Crisis Line decided to close its doors after years of financial hardship, declining revenues and
resources, and resulting logistical challenges.
“We were very sad to make this decision,” said Crisis Line Executive Director Michele Batara.
“Unfortunately, we cannot continue to operate with the resources we have available now,” she said.
United Way Interim CEO and President Sarah Oprzedek praised Crisis Line for its work over more than four decades.
“Over the years many thousands of people called Crisis Line during their darkest moments of need and their team did tremendous work to support those individuals and families, and our whole community,” Oprzedek said.
“It is impossible to quantify the amount of good that the Crisis Line did for our community,” she said. “We cannot thank them enough.”
Sadly, Oprzedek said, those needs continue and are even more challenging now.

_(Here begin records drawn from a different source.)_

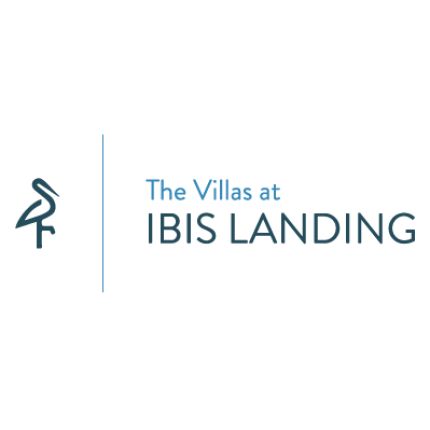 Logotyp från The Villas at Ibis Landing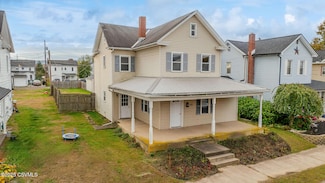310 E 6th St, Berwick, PA 18603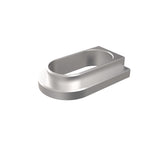 JERGENS QUICK-LOC, KEY, 20MM X 14MM - QL-200840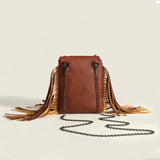 Women Shoulder Bag PU Leather Purses and Handbags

That is why United Way is leading the work to expand, modernize, and strengthen the kinds of services Crisis Line has provided through an integrated “2-1-1” network.
That work has just started. United Way staff have identified both short and long-term benchmarks. The implementation for the integrated, cross-sector vision could take 12-18 months, Oprzedek said.
United Way staff have already started conversations with several county governmental and support service leaders about partnering in a new “2-1-1” system. They are also researching and talking to leaders of other regional and large municipal “2-1-1” systems.
“As a community-wide leader and resource, United Way is uniquely positioned to help create a new and improved support system to support our families, friends, and neighbors in their time of need,” Oprzedek said.